Top-level tensions in the Presbyterian church over a cult inside its Camberwell church have deteriorated after the state authority defied a move that would end its attempts to excise the cult.
Members of the Victorian assembly on Tuesday expressed outrage at a report from the national church group that in practice exonerates the cult, known as the Fellowship.
The incoming Victorian leader, Douglas Robertson, minister of Scots Church in the city, told the assembly the national church had acted unconstitutionally, exceeded its authority and tried to impose censorship.
One senior Victorian Presbyterian, who did not want to be named, said the report was a huge setback. "We almost got them, but in one day the General Assembly of Australia has managed to undo years of to-and-froing in church courts."
The Victorian church has been trying for a decade to remove the cult, which has been described as manipulative, authoritarian and controlling and has instructed members to shun family members who do not belong - a practice that the Fellowship has claimed no longer occurs.
The group, headed by multimillionaire stockbroker Bruce Teele, has had the determination and resources to resist.
Its leaders have "suggested" who members should marry, where they should work, how they should raise their children and - most painfully - who they should avoid, which led to family members being entirely cut off.
In 2006, the Victorian church expelled 15 elders from Trinity Presbyterian, but last year the national church reinstated them. It set up a committee to investigate the Fellowship, whose recommendations were rejected on Tuesday.

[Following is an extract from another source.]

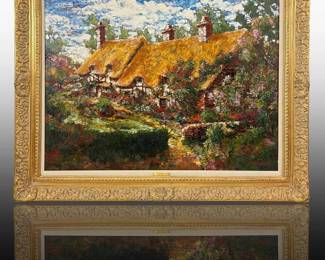 A Large Stephen Shortridge Ann’s Garden Oil On Canvas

For the first time, the Victorian assembly debated the Fellowship in open session, despite an attempt by Fellowship supporters to keep discussion private.
The assembly rejected requests by the national committee to move Trinity from the jurisdiction of the Presbytery of Melbourne East to Melbourne West, and to stop distributing Fractured Fellowship, the booklet Victoria published against the cult a decade ago.
In a conclusion Victorian Presbyterians found particularly insulting, the committee equated the presbytery of Melbourne East with the cult, saying both were guilty of shunning. It suggested both Trinity and the Victorian church should "express regret" and start afresh.
The Victorian assembly set up its own committee to investigate jurisdiction over Trinity. Mr Robertson, a member of Melbourne West, said his presbytery had not been consulted in any way, and that such a move would risk the "time, energies, peace, stability and reputation of that presbytery".
The assembly voted to ask the national committee to demonstrate any errors in Fractured Fellowship, to explain why it was not necessary for the Fellowship to disavow its past beliefs and behaviour, and outline how it planned to help Fellowship victims "who have suffered for many years as a result of these unbalanced views".
Brian Bayston, the Victorian law agent, told the assembly he did not believe the Trinity elders had changed.
Trinity minister Philip Mercer said he was not prepared to talk to The Age, about anything under any circumstances, while the Reverend Chris Balzer, chairman of the national inquiry, also declined to comment.